Crude Oil rose dramatically on Thursday, rising to a seven-month high. Crude Oil prices rose to $69.22 yesterday, an increase of more than $3 a barrel. Crude prices quickly recovered from Wednesday’s steep losses and resumed the march toward $70 a barrel. The rally followed a forecast made by a Goldman Sachs analyst stating that “As the financial crisis eases, an energy shortage lies ahead”. The bank set a 12-month price target of $90 a barrel, up from $70.

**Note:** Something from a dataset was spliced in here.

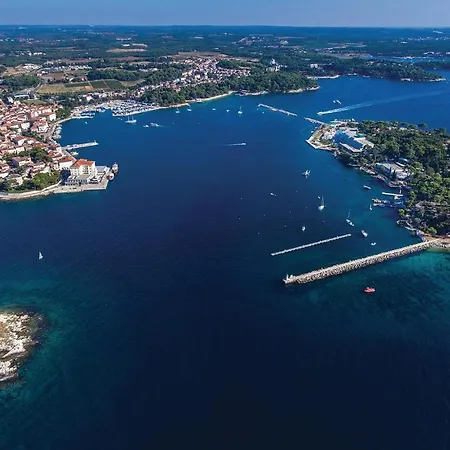 Gorgeous In With Kitchen Dom wakacyjny Poreč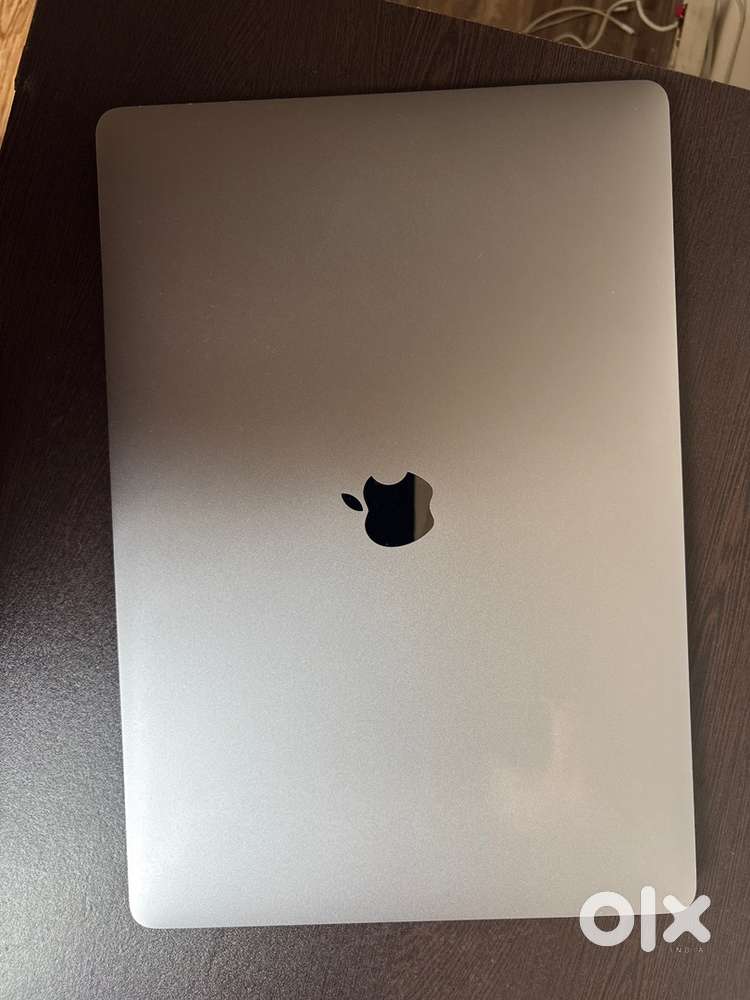 It’s i9 metallic colour and is in mint condition working perfectly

Expectations of a quick economic recovery dominate long-term prospects for Oil trading. Oil prices recovered very quickly from a Department of Energy report showing a surprise increase in U.S. Crude Oil inventories on Wednesday. The release of the Unemployment Rate data today may put some strain on Oil prices as the rate is expected to rise. However, as optimism seems to be the leading force in the markets, rising equities and a weakening Dollar may prove to have a greater affect on Oil prices than the unemployment results.

Technical News

The pair has been range trading between the $1.4100-1.4350 level in the past few days. The daily chart’s Slow Stochastic and RSI signal that the pair is set to go on a downward trend today. Going short with tight stops may turn out to be a decent strategy today.
The 4-hour and 1-day chart’s Bollinger Bands show that the pair is gradually losing steam. This is also supported by the daily chart’s RSI and Slow Stochastic. Going short with tight stops seems to be the preferable strategy.
The daily chart and the 4-hour MACD Oscillator points to a continuation of the bullish trend that there pair has experienced in the past 2 days. If this trend does indeed continue, then we may see the USD/JPY rate reach 97.50 by the end of the week. Entering the popular trend now may turn out to be a wise choice.
Today’s charts seem to be showing mixed signals. The daily chart’s MACD signals that there is still some bearishness left in the pair, before bullishness takes hold. However, the hourly chart’s MACD and daily chart’s Slow Stochastic indicates that there is likely to be much bullish momentum in the pair today. Entering the pair when the signals are clearer may be a preferable strategy.

The Wild Card

The pair rose significantly in the past several days, and has peaked at 0.8836. However, the hourly chart’s MACD seems to be floating in an overbought territory. This suggests that the recent upward trend is losing steam, and a bearish correction is pending. This may be a good opportunity for forex traders to enter the trend at a very early stage.